**Exercise**
Only the lines from the one containing "Tattooed guy was" through the last line of the data below belong in your answer, copied exactly and without pictures.

**Data**
_ _ _ _ _ _ _

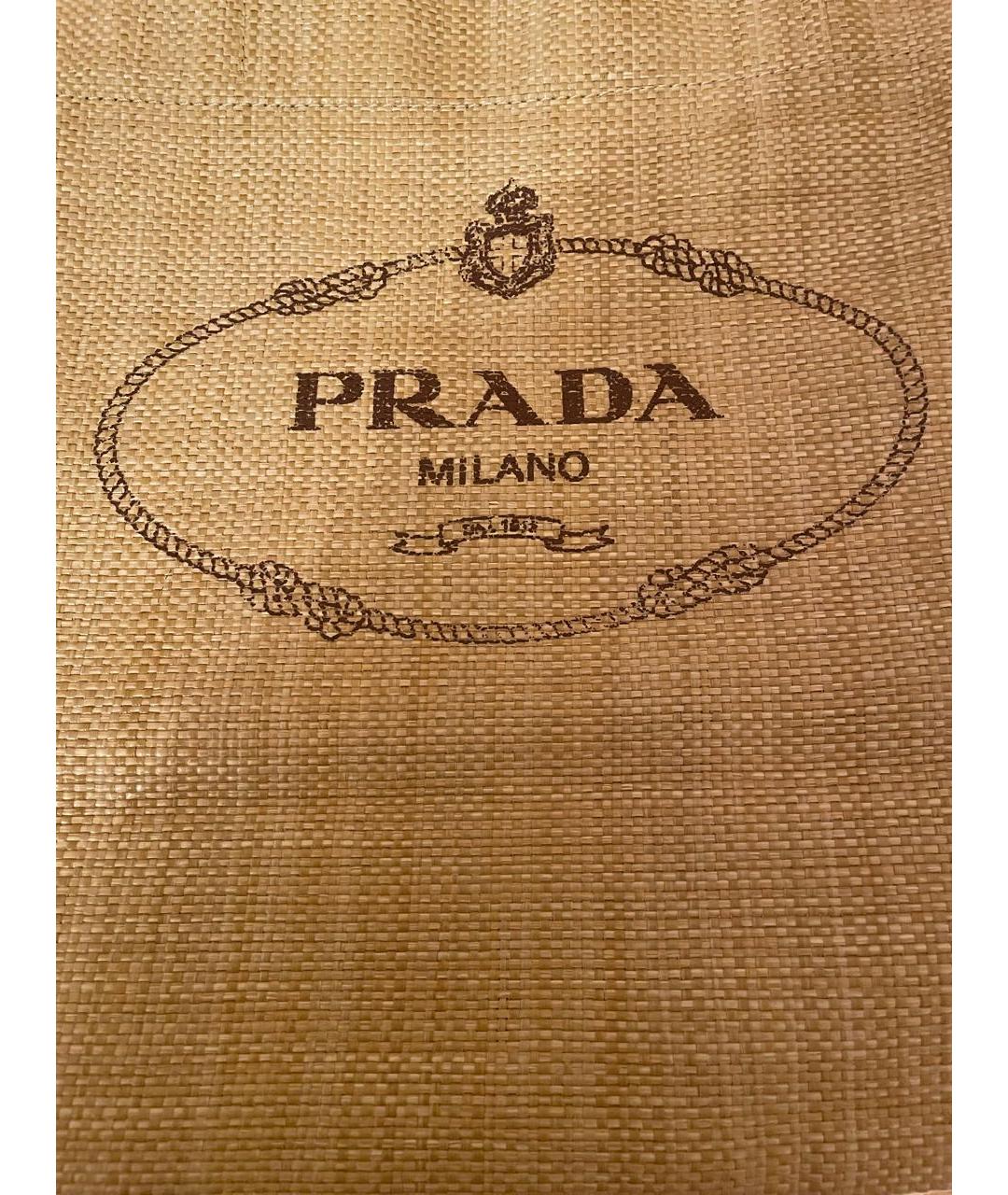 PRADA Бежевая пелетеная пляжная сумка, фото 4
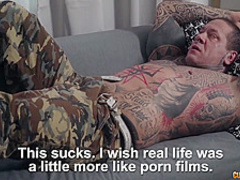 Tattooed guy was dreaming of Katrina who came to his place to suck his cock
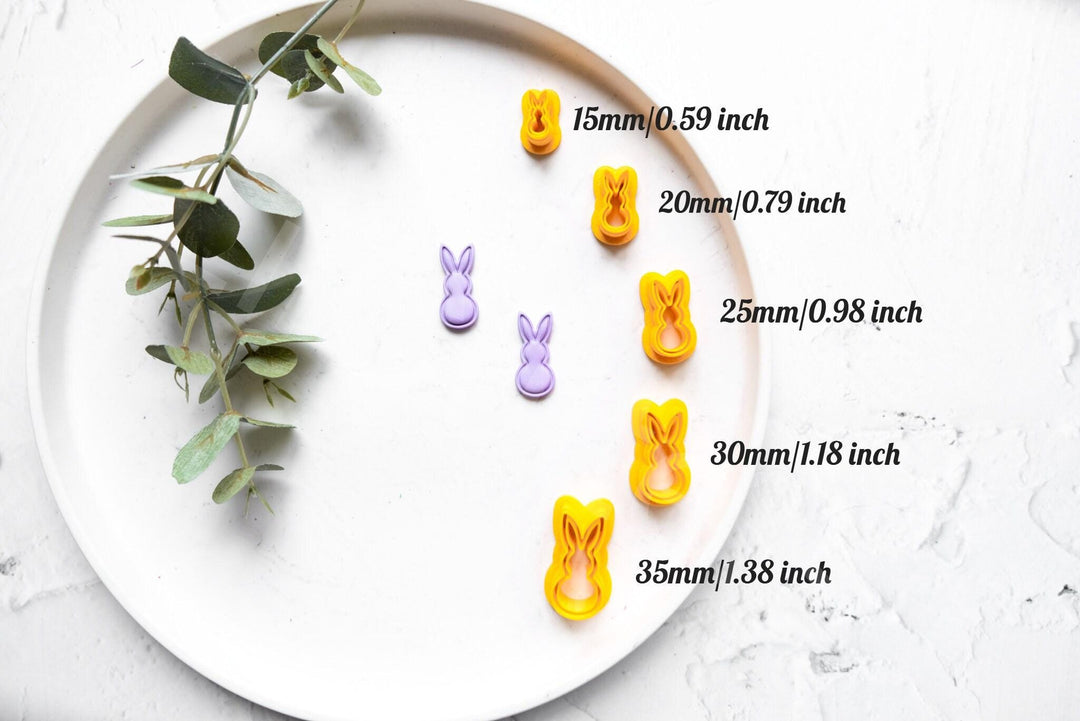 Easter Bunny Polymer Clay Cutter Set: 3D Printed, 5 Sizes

_ _ _ _ _ _ _

**Your response**
 Tattooed guy was dreaming of Katrina who came to his place to suck his cock
 Easter Bunny Polymer Clay Cutter Set: 3D Printed, 5 Sizes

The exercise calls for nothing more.